Foreign Exchange Market. Fee & commission income from the FX market increased by 28% YoY to RUB 2.08 bln. Trading volumes on the FX market totaled RUB 117.0 trn, up 34% YoY. Growth on the FX Market was driven by both favorable market conditions for this segment and as well improvements adopted by the Exchange.
Money Market. Fee & commission income from the money market increased by 108% YoY to RUB 2.01 bln. Total trading volume on the money market including repo transactions and lending market amounted to RUB 179 trn (with the repo volume reaching RUB 169 trn), an increase of 45% YoY. The growth was due to the Central Bank of Russia's implementation of monetary policy and economic stimulus via the Exchange.
Derivatives Market. Fee & commission income from the derivatives market increased by 56% YoY to RUB 1.25 bln. The trading volume amounted to 1.06 bln contracts representing RUB 50.0 trn, down 3% YoY. Open interest reached RUB 270.0 trn by YE 2012, up 24% YoY. During 2012 trading volume in some specific instruments increased significantly: volume of USD/RUB FX futures was up 91% YoY, OFZ futures were up 191% YoY.
Depositary and Settlement Services.
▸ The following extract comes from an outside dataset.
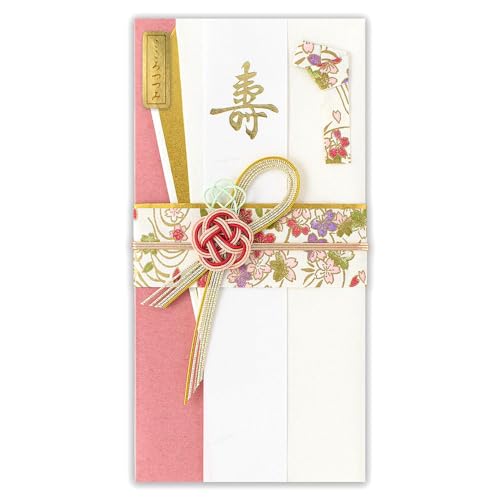 【希少】BNA お疲れ様本 新品未開封 41IA52qlJ2L.jpg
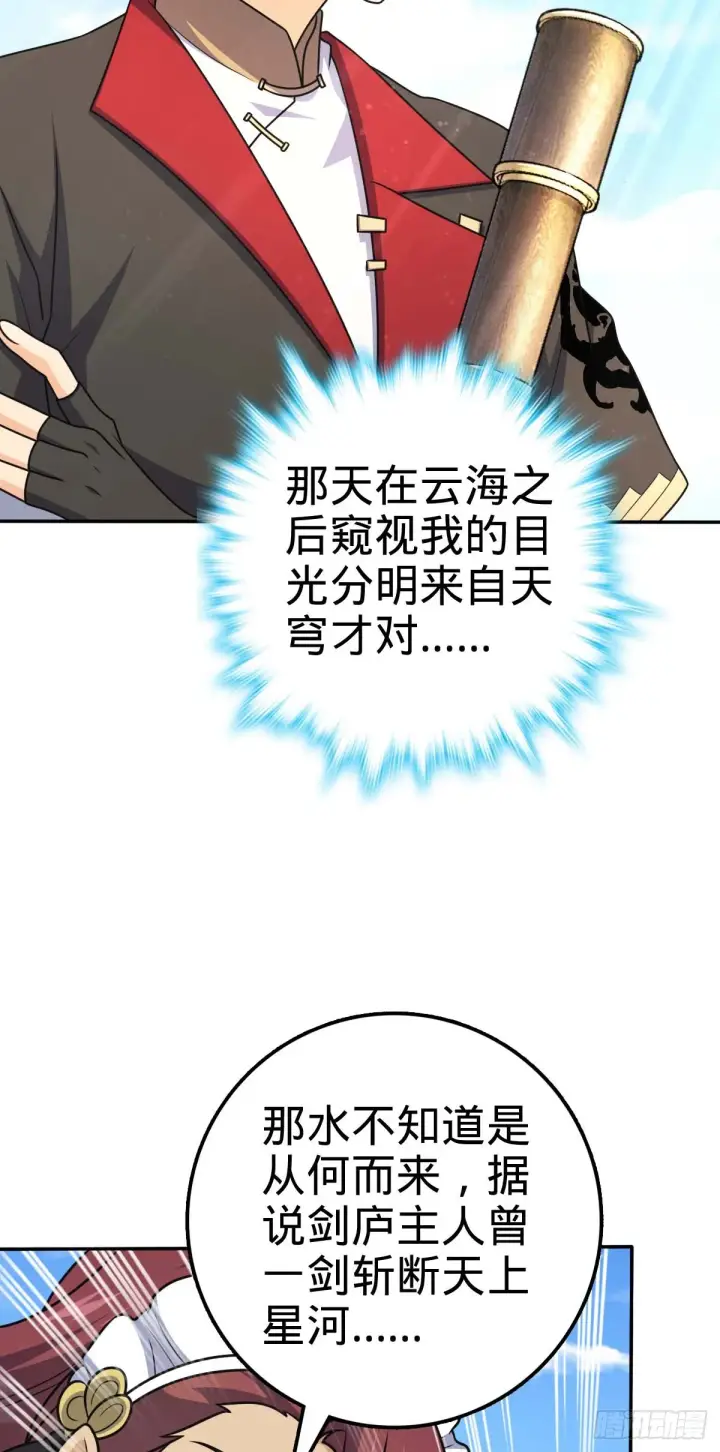 《大王饶命》622 结庐在人境图35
Fees & commission income from depositary and settlement services increased 8% to RUB 1.92 bln.
Other Revenues. Other revenues increased by 56% YoY to RUB 1.11 bln. The biggest contributors to this line are revenues from the sale of IT services (RUB 528.15 mln, up 149% YoY) and revenues from the sale of information (RUB 404.00 mln, up 45%).
Interest & Other Finance Income. Interest & other finance income increased by 45% YoY to RUB 10.03 bln. This was primarily due to an increase in funds available for investments (RUB 285.86 bln as of YE 2012, up 6% YoY) and a more favorable interest rate environment.
Cash and Cash Equivalents. The Exchange cash position³ at YE 2012 totaled RUB 31.61 bln. The Exchange had no debt as of year-end 2012.
Expenses. Operating expenses in 2012 increased by 23% YoY to RUB 9.42 bln, driven mainly by growth in personnel expenses4. Significant savings came from lower spending on professional services (RUB 826.03 mln, a decrease of 26% YoY), rent and office maintenance as well as advertising and marketing costs (RUB 492.16 mln and RUB 273.49 mln, respectively, down 3% YoY for both costs lines).
Capital expenditures for the FY 2012 totaled RUB 1.81 bln, most of which related to renovation costs of a new office building for the National Clearing Centre and National Settlement Depository on Spartakovskaya street, which totaled RUB 1.22 bln.
The complete version of the Moscow Exchange consolidated IFRS financial statements for the year ended December 31, 2012 is available on the web site at the Investor Relations section.
¹ In accordance with International Financial Reporting Standards (IFRS).
² Financial results for 2011 reflect the consolidation of RTS starting from June 29, 2011.
³ Cash position is calculated as cash and cash equivalents plus financial assets minus the balance of market participants and distributions payable to holders of securities.
4 Personnel expenses increased due to the consolidation of RTS as of June 29, 2011 as well as the introduction of a stock option scheme for employees in 2012.